**PROMPT:** Your job is to give again, exactly and with no additions, the lines in the records below from the one with "Jun 28, 2024;" through the one with "Tikicup Woman Shallow", both included. Omit the pictures.

**PROVIDED DATA:**
++++++++++++++++++++

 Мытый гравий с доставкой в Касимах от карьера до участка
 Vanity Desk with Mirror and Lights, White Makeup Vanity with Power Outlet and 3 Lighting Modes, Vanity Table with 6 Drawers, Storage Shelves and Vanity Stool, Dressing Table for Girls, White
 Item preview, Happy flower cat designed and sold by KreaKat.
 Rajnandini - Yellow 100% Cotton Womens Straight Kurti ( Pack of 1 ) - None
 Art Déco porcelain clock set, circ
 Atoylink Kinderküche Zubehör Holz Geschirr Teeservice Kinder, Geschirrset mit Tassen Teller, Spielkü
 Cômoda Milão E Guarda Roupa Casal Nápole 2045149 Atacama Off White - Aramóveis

++++++++++++++++++++

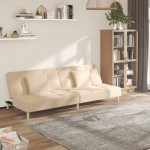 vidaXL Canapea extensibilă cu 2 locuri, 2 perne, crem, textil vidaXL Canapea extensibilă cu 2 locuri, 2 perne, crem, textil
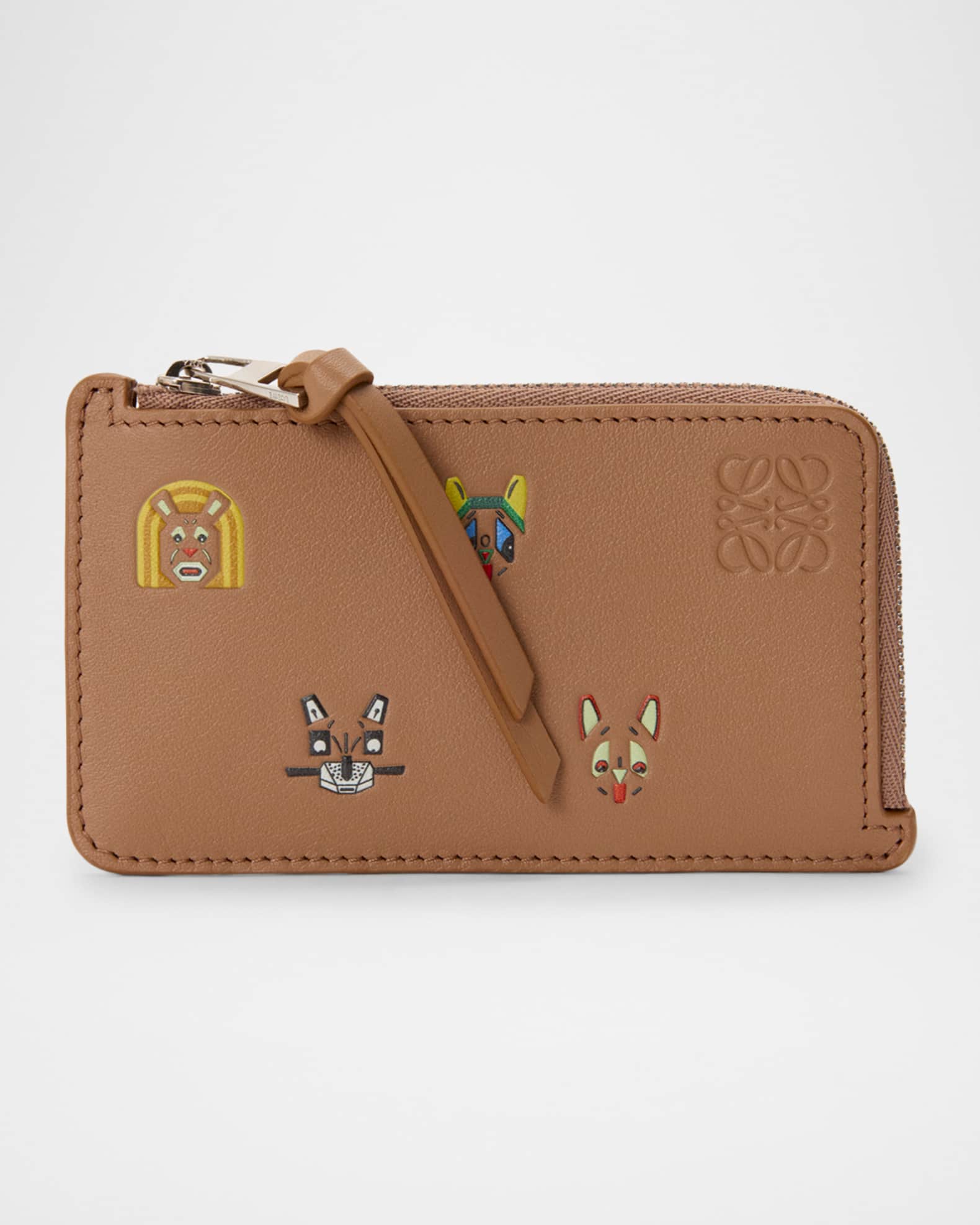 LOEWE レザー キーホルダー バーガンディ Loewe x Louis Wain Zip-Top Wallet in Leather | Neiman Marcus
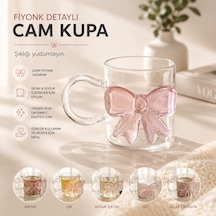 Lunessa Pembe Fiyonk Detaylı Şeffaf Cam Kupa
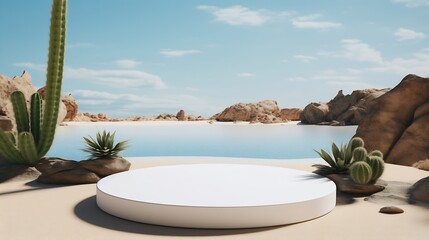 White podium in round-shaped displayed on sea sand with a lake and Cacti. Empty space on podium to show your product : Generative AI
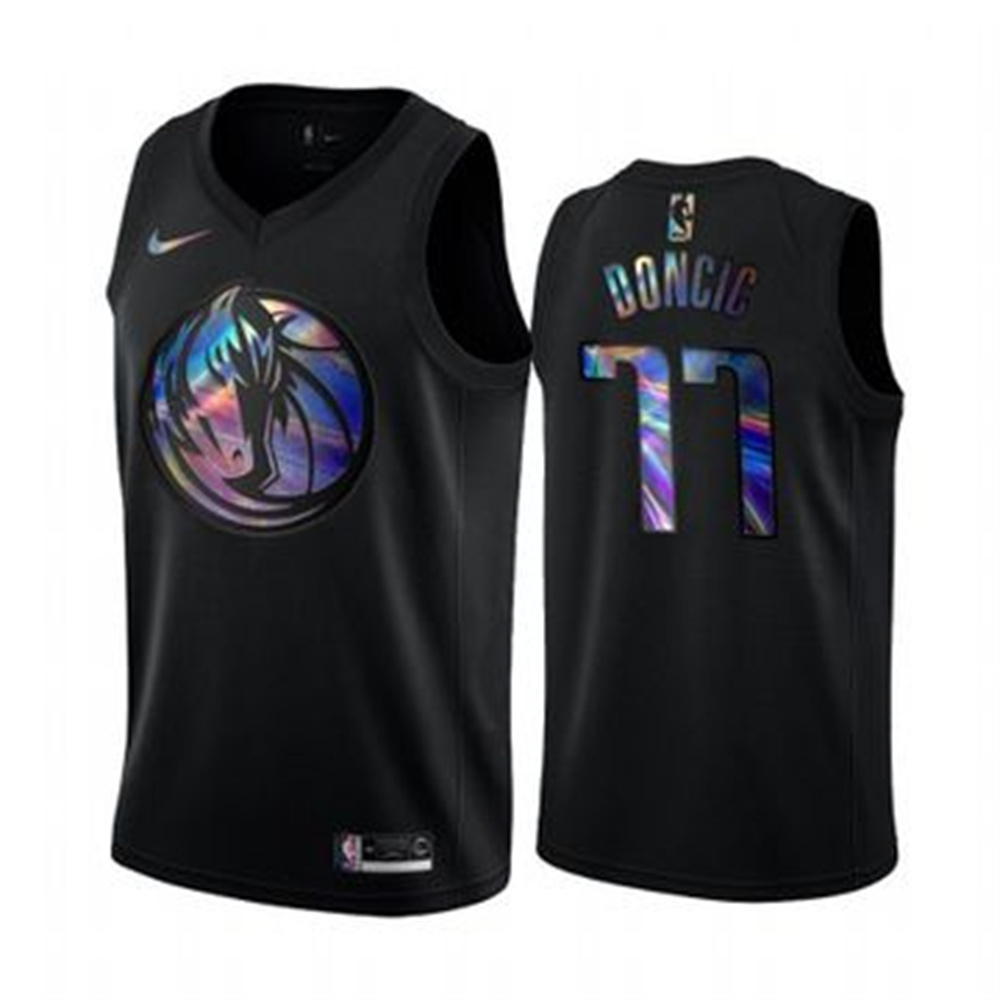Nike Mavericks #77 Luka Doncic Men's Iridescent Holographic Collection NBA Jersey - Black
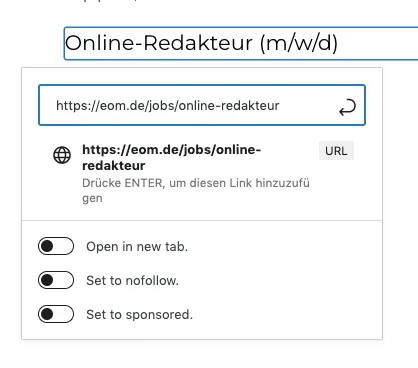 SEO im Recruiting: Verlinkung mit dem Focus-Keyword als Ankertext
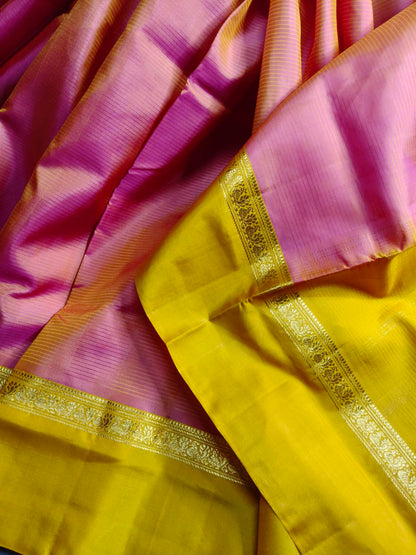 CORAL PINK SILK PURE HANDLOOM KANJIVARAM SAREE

++++++++++++++++++++

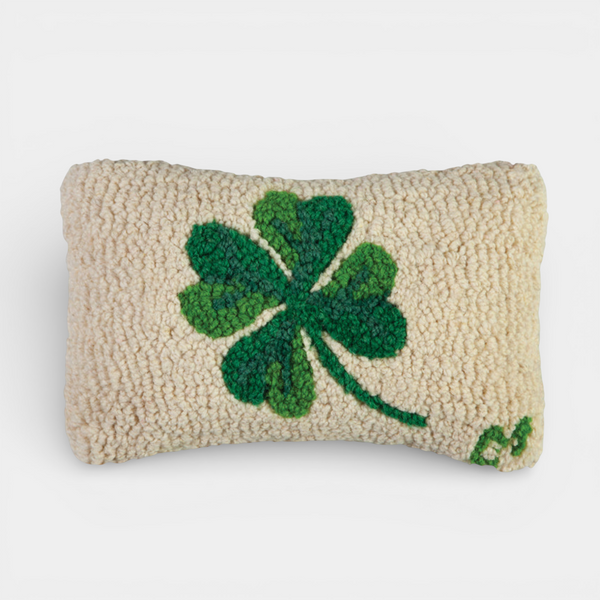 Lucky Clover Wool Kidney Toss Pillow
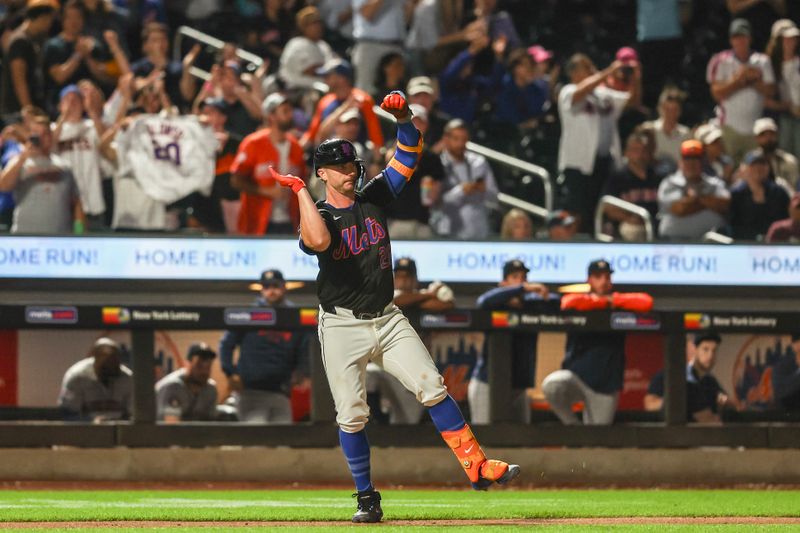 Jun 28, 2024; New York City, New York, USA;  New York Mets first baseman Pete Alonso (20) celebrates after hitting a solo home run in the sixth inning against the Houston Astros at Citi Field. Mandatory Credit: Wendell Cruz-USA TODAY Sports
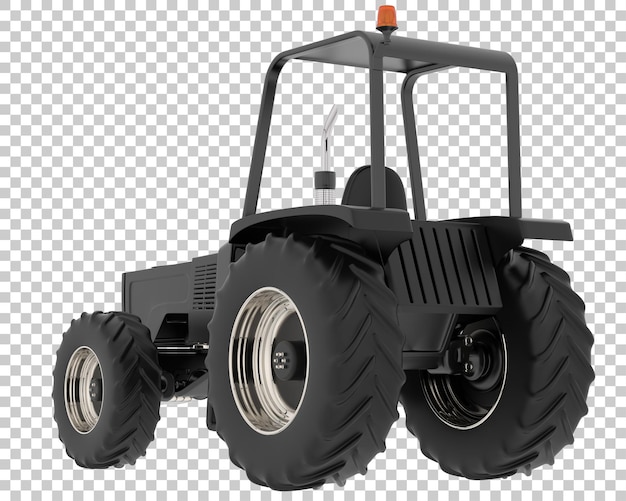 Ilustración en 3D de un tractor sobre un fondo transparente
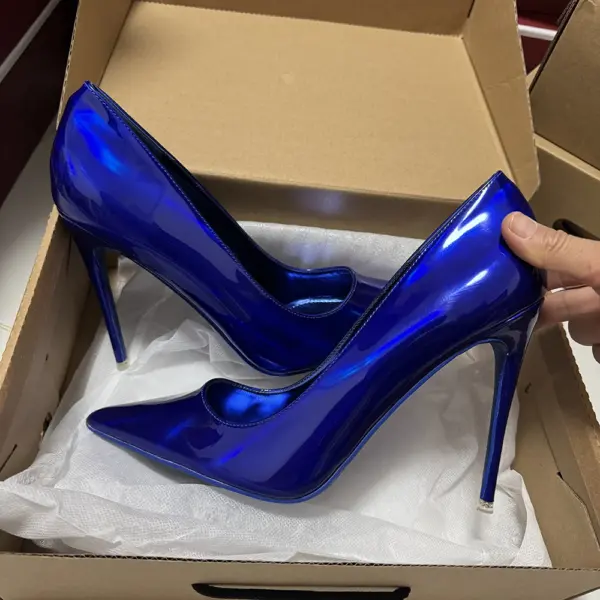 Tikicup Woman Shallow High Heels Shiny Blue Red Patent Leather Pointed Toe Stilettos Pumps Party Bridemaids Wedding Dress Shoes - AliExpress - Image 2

++++++++++++++++++++

**TASK SOLUTION:**
 Jun 28, 2024; New York City, New York, USA;  New York Mets first baseman Pete Alonso (20) celebrates after hitting a solo home run in the sixth inning against the Houston Astros at Citi Field. Mandatory Credit: Wendell Cruz-USA TODAY Sports
 Ilustración en 3D de un tractor sobre un fondo transparente
 Tikicup Woman Shallow High Heels Shiny Blue Red Patent Leather Pointed Toe Stilettos Pumps Party Bridemaids Wedding Dress Shoes - AliExpress - Image 2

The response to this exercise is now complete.